Sunday, 16 May 2010

Ready to Rally

Lots of Airstreaming news this week...

There is less than a week to go before the Spring Rally in Cheddar. Click here for details if you haven't booked yet, or to confirm your booking and let us know when you are arriving.

Having been in our bolthole in Somerset for almost six months we are gradually gearing ourselves up to moving on to the rally site. This has been the longest we have stayed in one place since starting our travels just over two years ago. Until now, the longest we spent in one place was three weeks. Most of the time we would book in for five nights initially, and if we liked the place, or needed more time to explore the area, we would extend our stay for another few days.

I'm sure our old routines for hitching up and pitching up will soon come flooding back. It's like riding a bike, right? At least this week we will only be moving within the county of Somerset, gently easing ourselves back into the nomadic life.

When you're moving regularly you are vigilant about not accumulating excess baggage. Now we are finding that we need to have a bit of a clear out. The discipline or ruthlessness has to be re-awoken so that we can ditch clothes we don't wear, guidebooks for places we won't be returning to anytime soon, crockery that doesn't get used enough. We've got to make allowance for our new fire pit anyway, getting its first trial by fire at the rally.

Last week we made the short trip to Taunton to see American Retro Caravans. Tucked away at the end of an uninspiring road in an industrial estate sits the little ARC workshop. And it was staggering to see what was going on there. They had four vintage trailers in various stages of restoration and a team of skilled tradesmen and craftsmen beavering away on each of them. Plumbers and electricians, carpenters and metal workers, carpet layers and polishers were all industriously working, occasionally on the same trailer at the same time.

Darren and Kathy, the owners of ARC, very kindly tore themselves away from looming deadlines to show us around. They specialise in high quality restorations, as you can tell from their (very attractive) website. They oversee every aspect, from the custom-built furniture (Darren is a carpenter by trade) to the hand-crafted upholstery. Beautiful.

The same day, this very blog received it's 15,000th hit. Staggering! When we started it, shortly after deciding to buy the Airstream, we thought it might get looked at a couple of times a month by our mums. We had no idea what it would grow into, or that we'd still be writing about Airstreaming two and a half years later. Thank you to everyone who has looked in on our journey.

Finally, we saw Airstreams on the tellybox last night. Tracey sums it up (much better than I could) in her blog.

See you at the Gathering (even if it rains!).

T & P

Sunday, 2 May 2010

Tea And Empathy

It's been an Airstreamy few days. Andrew was on his way to a work thing in Dorset so made a detour to our bolthole here in Somerset. We have a lovely rural view here, which is probably one of the reasons we have stayed for a while, but an Airstream in the mix was OK too.

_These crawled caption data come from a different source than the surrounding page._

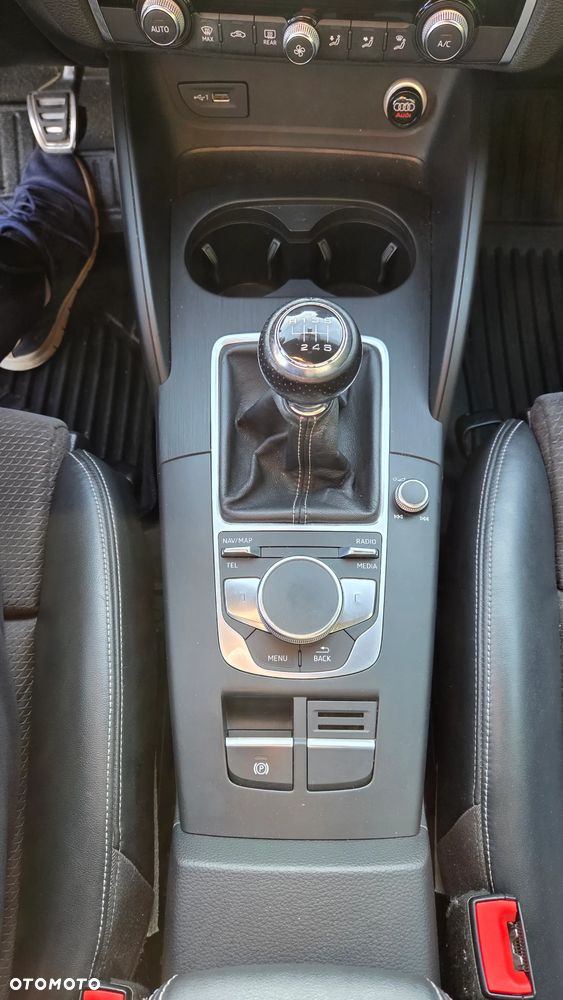 Audi A3 Sportback 1.6 TDI (clean diesel) S line Sportpaket - 20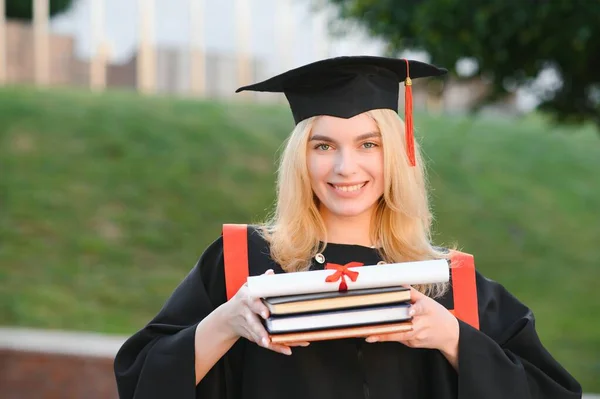 Porträtt Lycklig Kvinna Hennes Examensdag Universitetet Utbildning Och Människor — Stockfoto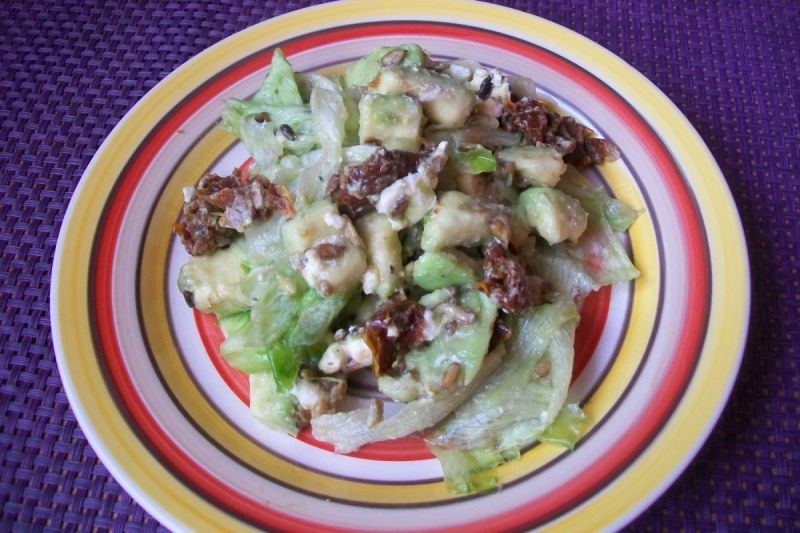 Sałatka z awokado i suszonymi pomidorami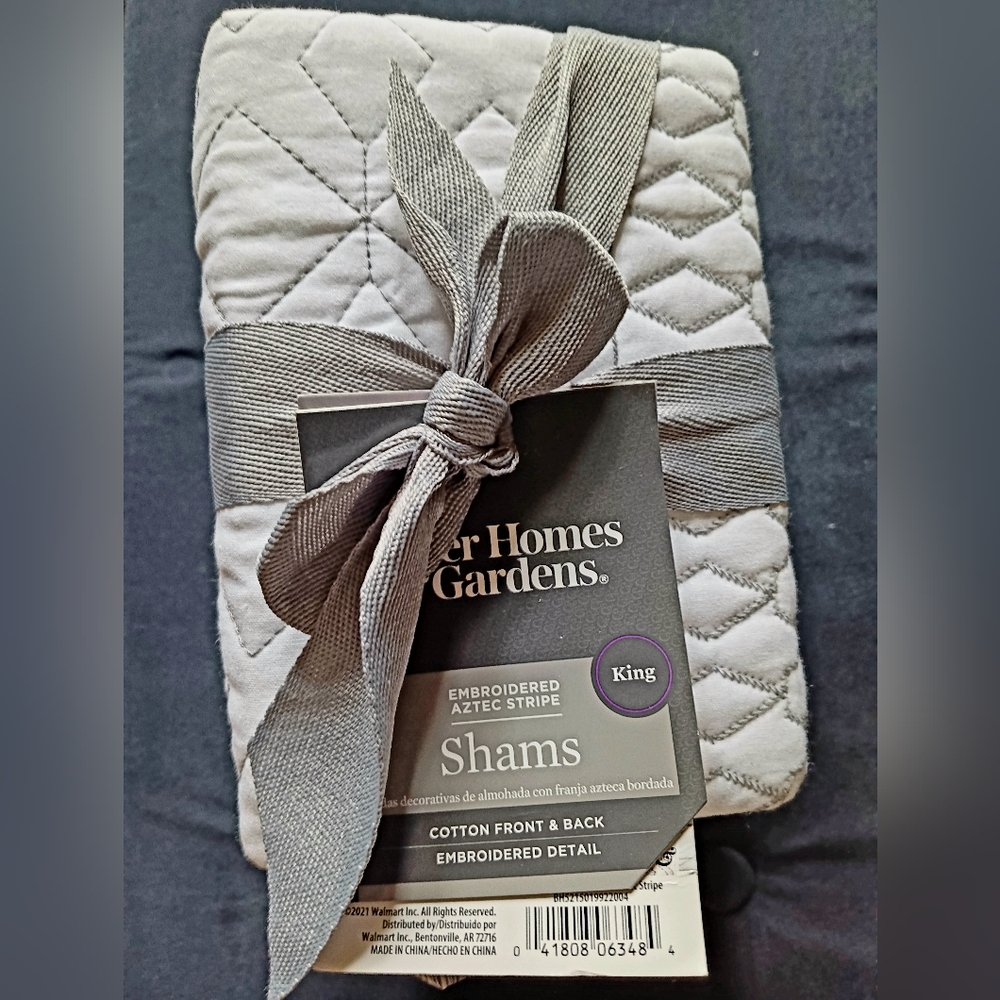 Better Homes and Garden Pillow Shams King Size Includes 2 Shams Brand New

When we met up in the Hebrides last summer we managed a perfect afternoon tea one day. We persuaded a young lass to reopen her shop to sell us some scones. Then we found our way into a supermarket whose entrance was cunningly disguised as a bus shelter (probably to keep the wild wind out), and there, against our expectations we found clotted cream. We already had the best strawberry jam money can buy, Tiptree Little Scarlet. I don't know why it is so good exactly. It must be the Little Scarlet strawberries themselves. Or maybe it is also the rarity with which we find it on our travels.

Well these individual, intrepidly sought ingredients married succulently into a tea orchestrated with involuntary groans of appreciation.

Here in Somerset we are much closer to the more traditionally conceived source of the cream tea. I recently read that the Cornish put cream first on their scones, then the jam, Devonians the other way round. Now we know. I go Cornish, Pete favours the Devonian way. Anyway, the scones couldn't have been fresher. For the first time since my inadequate school cookery lessons I made scones. And pretty darned good they were too. Warm, light, big. What more can I say?

You know when you try to recreate an experience and it doesn't rise to your expectations? That didn't happen.

Simon, Emma and Tilly popped round to say Hello on their way to visit family. They recently had to let their Airstream go but are still honorary Airstreamers. We have high hopes for them rejoining the clan. So there has been a lot of Airstreamy chat; new versus vintage, standard European versus wide-bodied, layout etc, etc.

And of course there's the approaching rally. So it was like a warm-up.